Viele der 12.000 TirolerInnen in der Gesundheits- und Sozialbranche wollen auf Vollzeit umsteigen

Kampagne der IG work@social wird wegen starkem Feedback der Betroffenen ausgeweitet

Vor rund einem halben Jahr startete die Interessengemeinschaft work@social in der GPA-djp (Gewerkschaft der Privatangestellten, Druck, Journalismus, Papier) mit der Kampagne „Gute Arbeit braucht gute Bedingungen“. In Tirol will Marigt Luxner, Präsidiumsmitglied der GPA-djp Tirol, die Rahmenbedingungen der 12.000 Tiroler Beschäftigten in den Gesundheits- und Sozialberufen weiter verbessern: „Wir wollen die Arbeit in der Interessensgemeinschaft intensivieren.
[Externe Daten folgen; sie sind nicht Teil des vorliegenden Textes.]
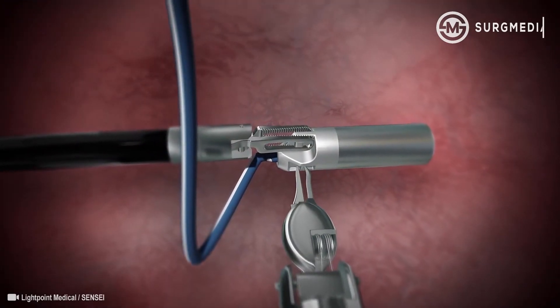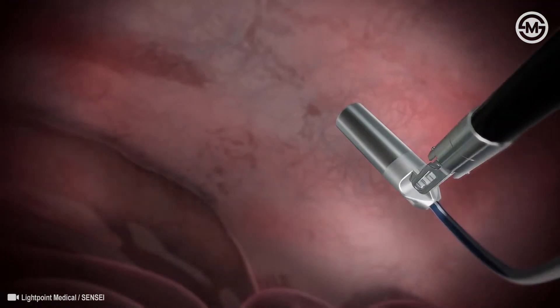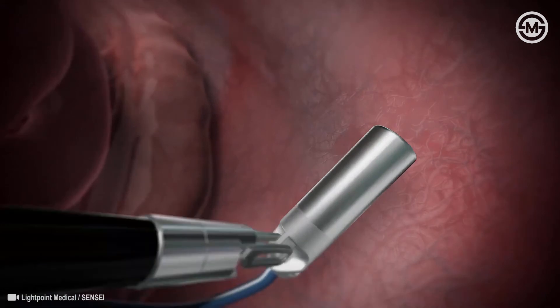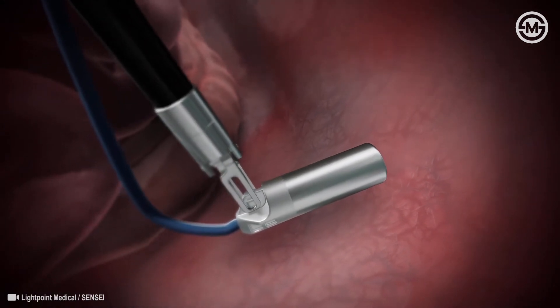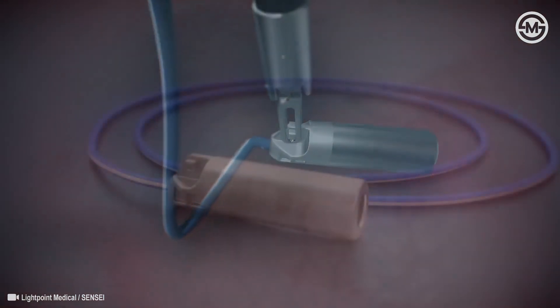Sensei is designed to be used with tissue graspers, offering multi-grip orientations for maximum agility and unprecedented access. The probe's side pockets provide a safe location for needle drivers to grip and reorient the device quickly.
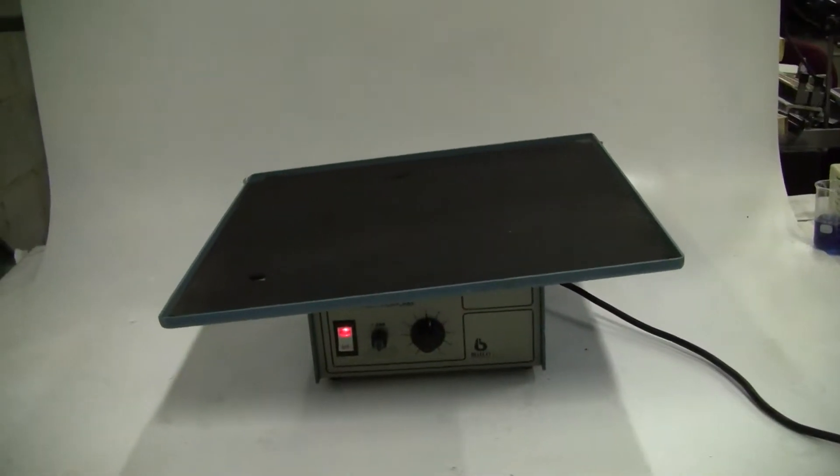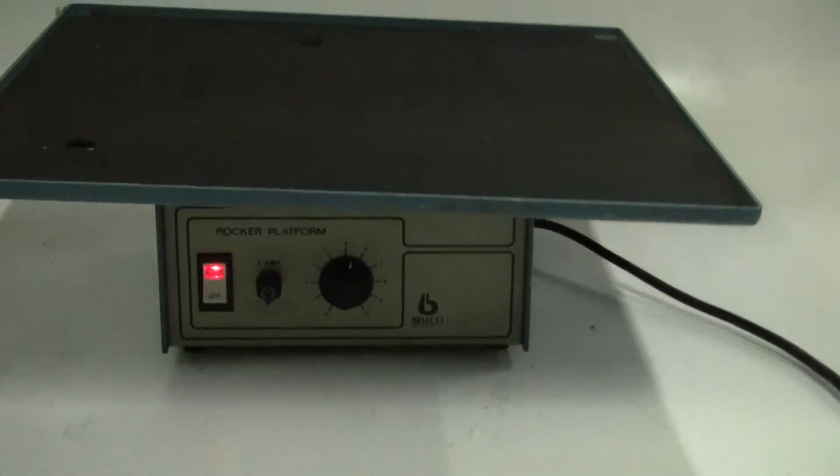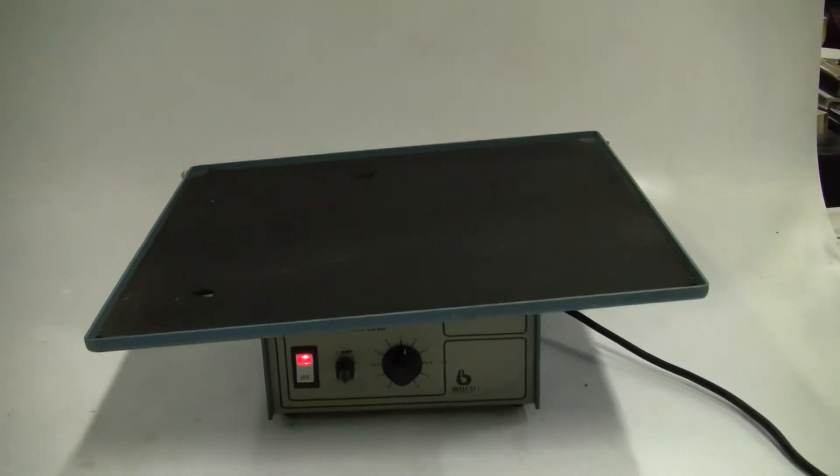Hi, this is Michael from High Tech Trader. Today we are looking at a Bellco rocker. It's a variable speed rocker. Shelf dimensions are 20 by 20.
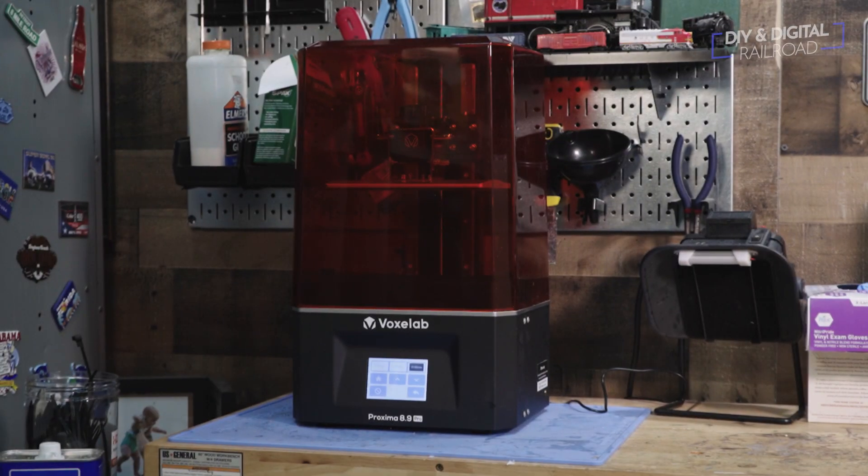The new wave of affordable large format resin 3D printers have a mostly 8.9-inch monochrome LCD screen, which allows for a significantly larger build volume versus the smaller sized resin 3D printers. One of these large format printers is the Voxelab Proxima 8.9.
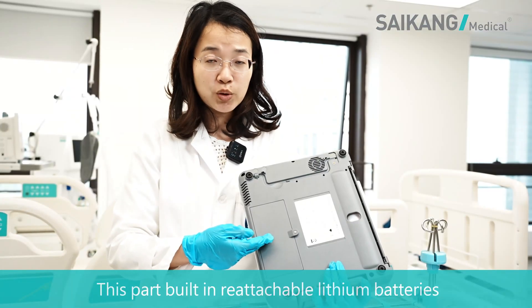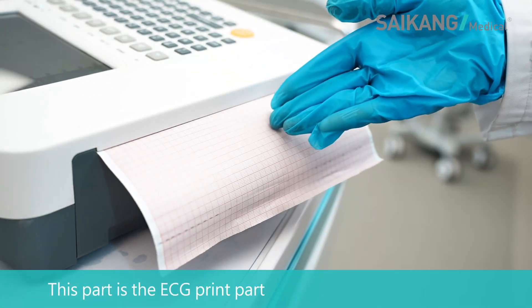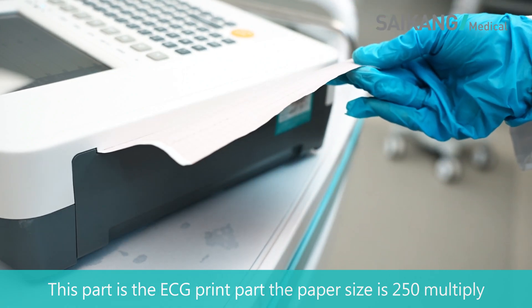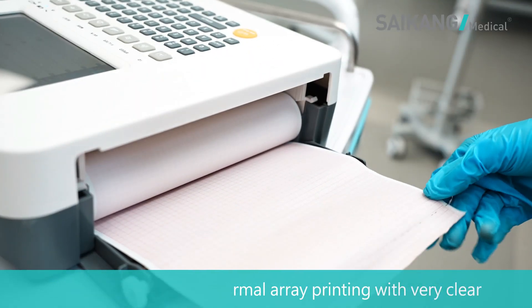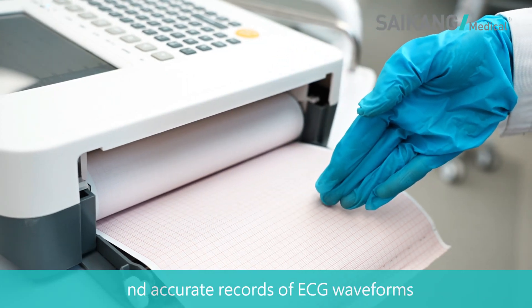This part has a built-in rechargeable lithium battery. This part is the ECG print section. The paper size is 250 x 25 mm, with high-resolution thermal array printing.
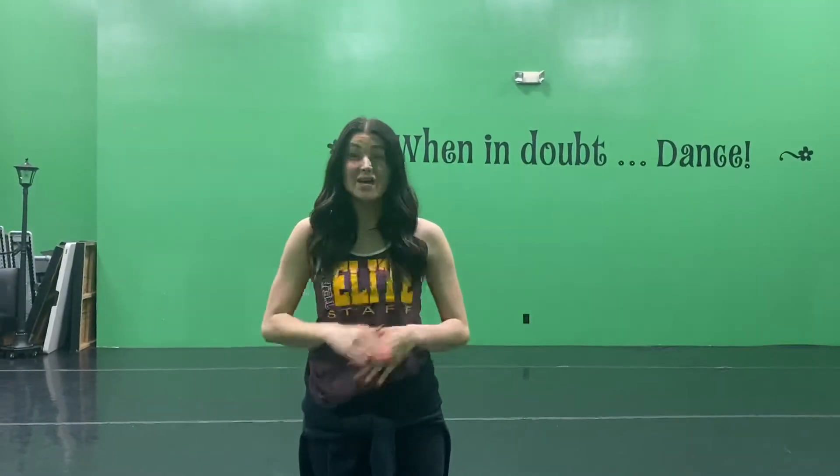Hi Triple Threat! It's Miss Kylie. I hope you guys are practicing a lot at home. We're gonna send you another video today and it's going to be us reviewing your dance, and then we're gonna add a little bit more on to the end and then we're gonna try it with music.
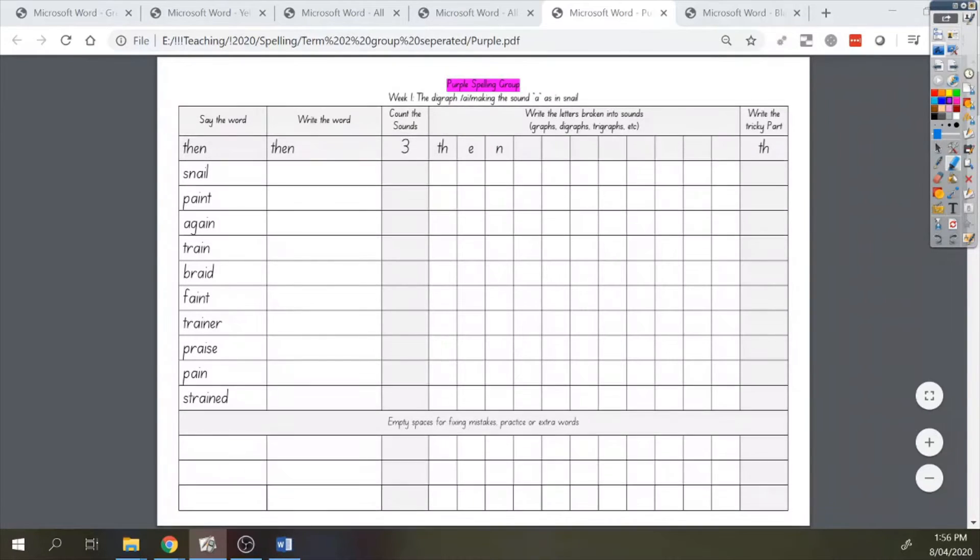Hello everyone, this is Mr. Schenkel. Today we're going to be going through the purple spelling group words. If you look at the top of your page, it should say purple spelling group and it should also say week one.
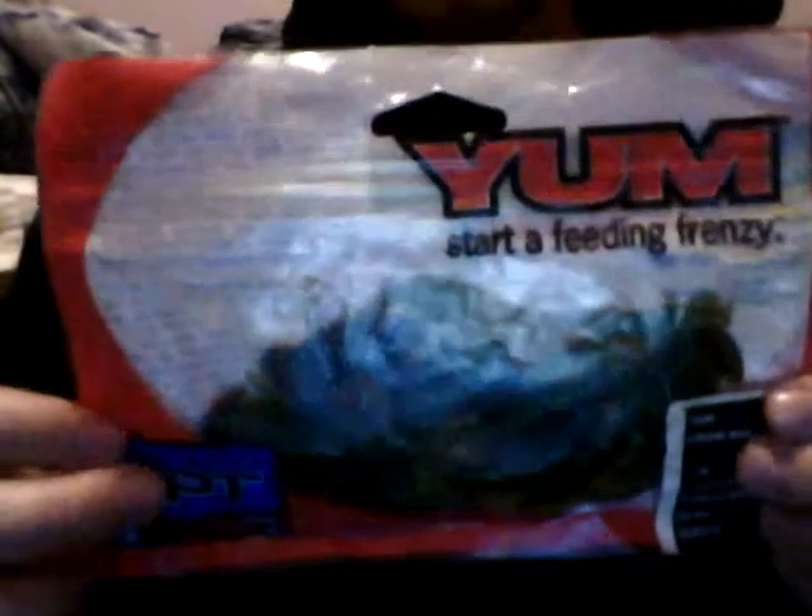Crawbug from Yum — Pumpkin Seed Pepper Green, 10-pack. I normally use these on a Carolina rig or as a jig trailer. Very good jig trailer.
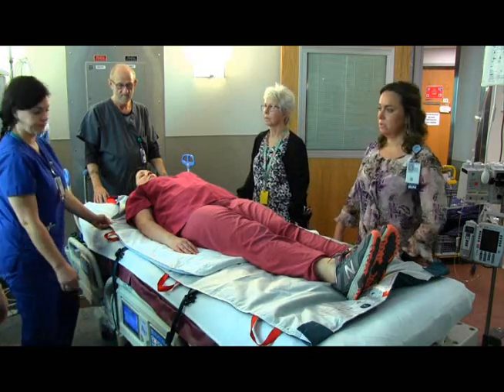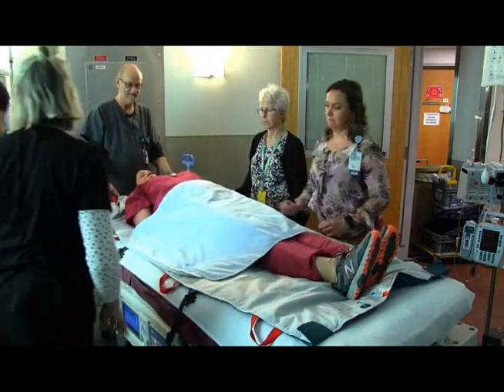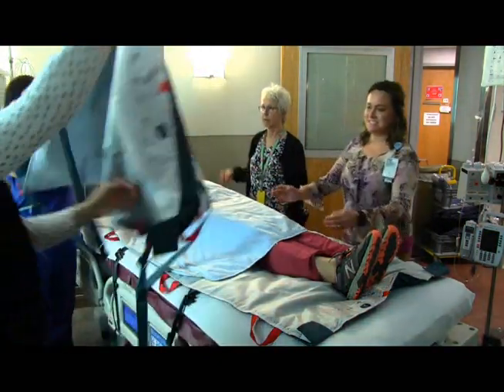Max inflate the air mattress. Place the air-assisted mat and pad beneath the patient. Then place a second air-assisted mat and pads on top of the patient.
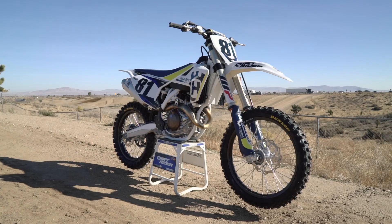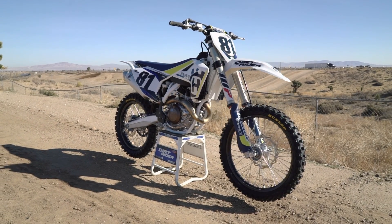Overall, the electric start on the Husky — especially at my age, I just hate kicking the bike — made a great feature.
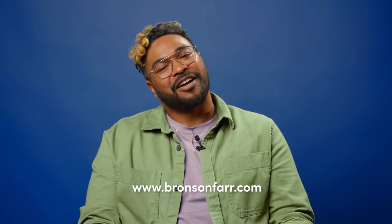Thanks a lot for watching. Find my work on Instagram at bronson.photo, or check me out online at bronsonfarr.com.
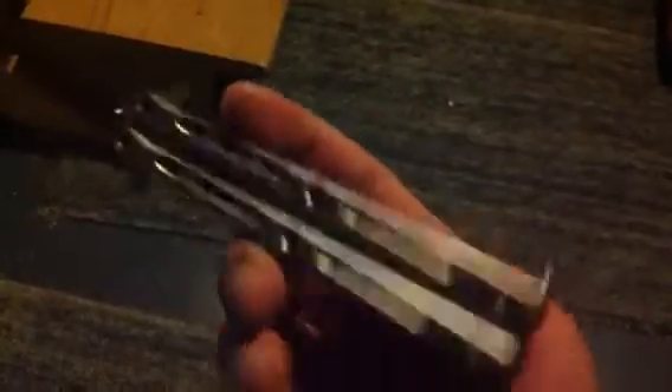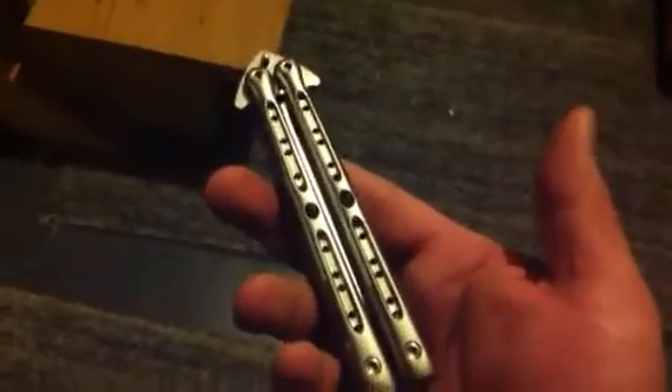Remember, these are bushings, not bearings. I really didn't want to try the bearings anymore. I have a couple of knives with bearings, and one or two is enough for me. So great job, Daryl — great job for a nice knife. Thank you. Well, you guys take care.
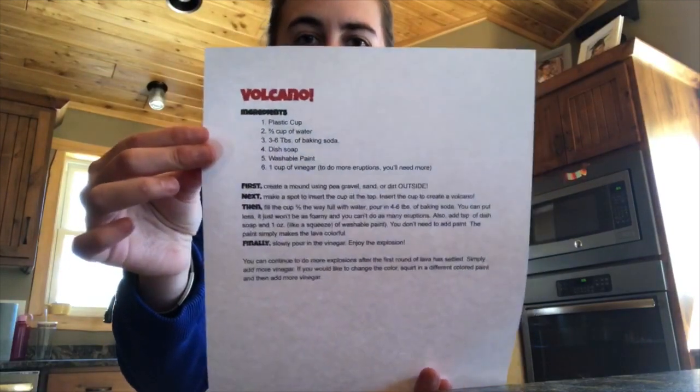Hey second grade! I'm here and ready for our first ever at-home science experiment. As you can see, I'm at home and I'm really excited about science. The first one we're going to be doing is how to create your own erupting volcano. I have the how-to directions if you want to print them up. If you don't, you can write them down or you can just follow along on this video and it'll give you a step-by-step how to do it.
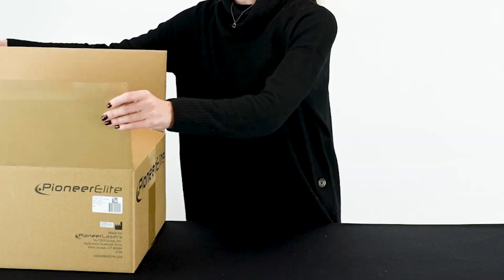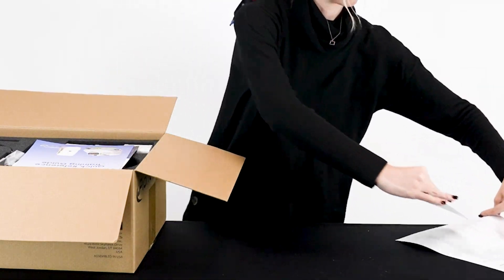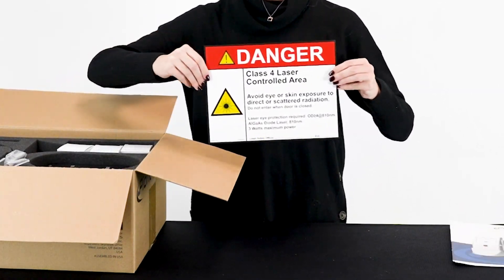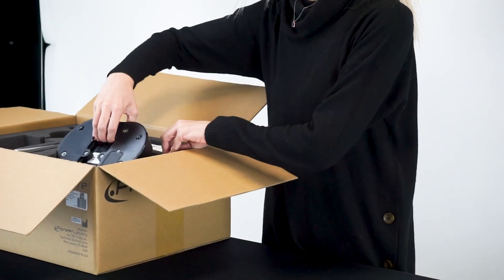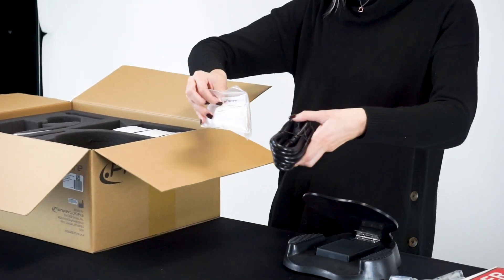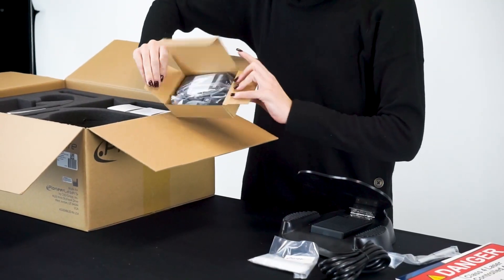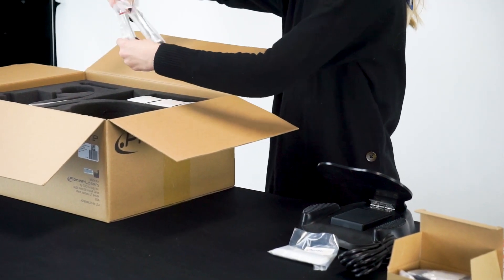Your CAO Pioneer Elite diode laser comes with one owner's manual, one quick start guide, one procedure guide, one laser safety sign, one foot pedal, one power cord, one pack of handpiece barrier sleeves, one power supply, and one therapy handpiece.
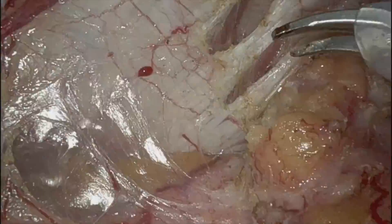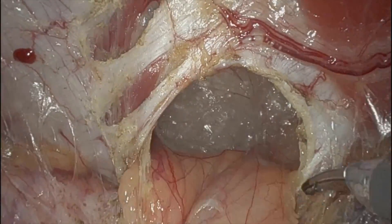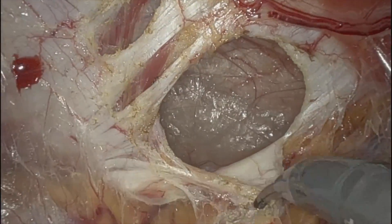The nerve distribution in the semilunaris, as you know, can be variant. So I try to stay directly on the hernia sac. I don't drift anywhere — medial or lateral.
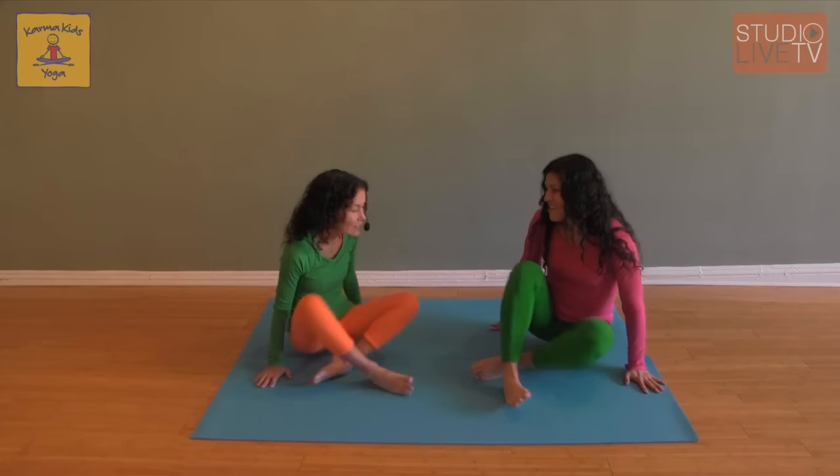Hi, I'm Shari and I'm Jen. We're from Karma Kids Yoga and we're so excited to share partner poses with you today. Partner poses are great for everyone. You can do partner poses with your friends, with your grown-ups. You can do family partner poses and we're really excited to share what we do at Karma Kids Yoga. So let's start.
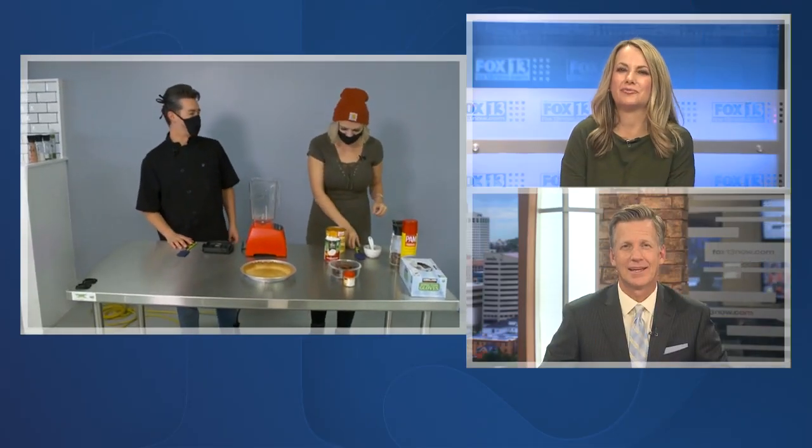Didn't that look good? I could even eat that for breakfast — the whole thing. Does that look just enough for me? Amanda's cooking up something good too.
In den Betrieben werden jedes Monat neue Schwerpunkte wie beispielsweise Arbeitszeitverkürzung oder-gestaltung gesetzt, die Betroffenen sind aufgefordert, mittels Postkarten und Internet mitzureden. Das Feedback beweist uns, dass wir den Nagel auf den Kopf getroffen haben, denn der Rücklauf ist enorm, bereits jetzt sind mehr als 2.000 Antwortkarten aus Tirol im Umlauf und hunderte Anregungen via Mail eingetroffen. Die Beschäftigten liefern wertvolle Inputs“, resümieren Luxner.

„Deswegen wird unser hohes Engagement im Gesundheits- und Sozialbereich jetzt noch weiter ausgeweitet. Wir freuen uns, den Online-Start von unserer „Ganzen Palette - vom Gespräch bis zum Streik" verkünden zu können, einer umfassenden Sammlung von Ratschlägen und Konzepten zur Mobilisierung der Beschäftigten im Sozialbereich." Auch die „Ganze Palette" zeichnet sich wie die aktuelle Kampagne der work@social dadurch aus, dass sie laufend ergänzt und überarbeitet wird und dass die Beschäftigten selbst sich aktiv daran beteiligen können. „Die bis jetzt gelieferten Beiträge geben ein wirklich eindrucksvolles Bild der Arbeit, die im Gesundheits- und Pflegebereich geleistet wird, und der Hürden, die viele Betroffene überwältigen müssen“, erklärt Luxner.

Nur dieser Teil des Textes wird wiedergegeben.